Preconditioning is an endogenous mechanism of cardioprotection that develops secondary to a brief ischemia and a dramatic reduction in infarct size is observed when the myocardium undergoes a subsequent and long period of ischemia after the induction of preconditioning. Since its initial discovery, it appears that the kinetic of preconditioning is biphasic. Early preconditioning is effective within 1 to 3 hours after the initial brief ischemia. A second windows of preconditioning has been also described within the following 24-48 h. Although late preconditioning against myocardial stunning is well established, its protection against infarction still remains debated. Whereas nitric oxide is not involved in the early preconditioning, its role during the late phase of preconditioning has been recently well described. Indeed, nitric oxide triggers the delayed cardioprotection through the formation of oxiradicals.
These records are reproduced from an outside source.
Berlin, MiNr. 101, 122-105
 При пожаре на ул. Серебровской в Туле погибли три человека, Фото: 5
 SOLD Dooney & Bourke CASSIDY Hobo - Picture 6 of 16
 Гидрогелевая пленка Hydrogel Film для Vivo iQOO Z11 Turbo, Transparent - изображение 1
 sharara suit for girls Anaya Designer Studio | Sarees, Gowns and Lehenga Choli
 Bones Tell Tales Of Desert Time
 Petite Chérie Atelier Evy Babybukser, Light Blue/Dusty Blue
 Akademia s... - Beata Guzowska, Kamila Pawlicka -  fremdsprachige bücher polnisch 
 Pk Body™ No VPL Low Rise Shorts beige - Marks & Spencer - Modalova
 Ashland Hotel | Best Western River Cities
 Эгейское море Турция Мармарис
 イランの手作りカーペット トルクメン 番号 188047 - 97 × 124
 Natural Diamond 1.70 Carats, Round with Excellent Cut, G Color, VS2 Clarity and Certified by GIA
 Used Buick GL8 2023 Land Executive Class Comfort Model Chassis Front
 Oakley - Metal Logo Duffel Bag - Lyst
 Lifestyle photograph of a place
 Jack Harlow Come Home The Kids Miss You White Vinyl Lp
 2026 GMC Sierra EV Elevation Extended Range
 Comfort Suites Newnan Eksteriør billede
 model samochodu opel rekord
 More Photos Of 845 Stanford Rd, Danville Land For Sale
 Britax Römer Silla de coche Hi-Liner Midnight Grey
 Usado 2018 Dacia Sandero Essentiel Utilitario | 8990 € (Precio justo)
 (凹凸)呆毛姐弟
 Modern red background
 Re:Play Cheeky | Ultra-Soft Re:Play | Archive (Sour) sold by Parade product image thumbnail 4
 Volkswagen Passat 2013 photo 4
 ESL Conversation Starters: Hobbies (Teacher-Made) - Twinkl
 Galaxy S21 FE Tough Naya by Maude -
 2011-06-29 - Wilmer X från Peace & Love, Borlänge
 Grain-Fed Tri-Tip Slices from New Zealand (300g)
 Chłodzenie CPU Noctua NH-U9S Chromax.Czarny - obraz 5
This leads to the translocation of protein kinase C. Secondary, the activation of the tyrosine kinases pathway and the transcriptional factor NF kappa B induces iNOS. Therefore, nitric oxide also plays a key role in the late preconditioning phenomenon as a mediator of this cardioprotection, although its final effector still remains unknown. The knowledge of the mechanisms responsible for preconditioning is necessary in order to develop new pharmacological concepts in order to protect the heart against ischemia. It is interesting to underline that nitric oxide donors are able to mimic late preconditioning.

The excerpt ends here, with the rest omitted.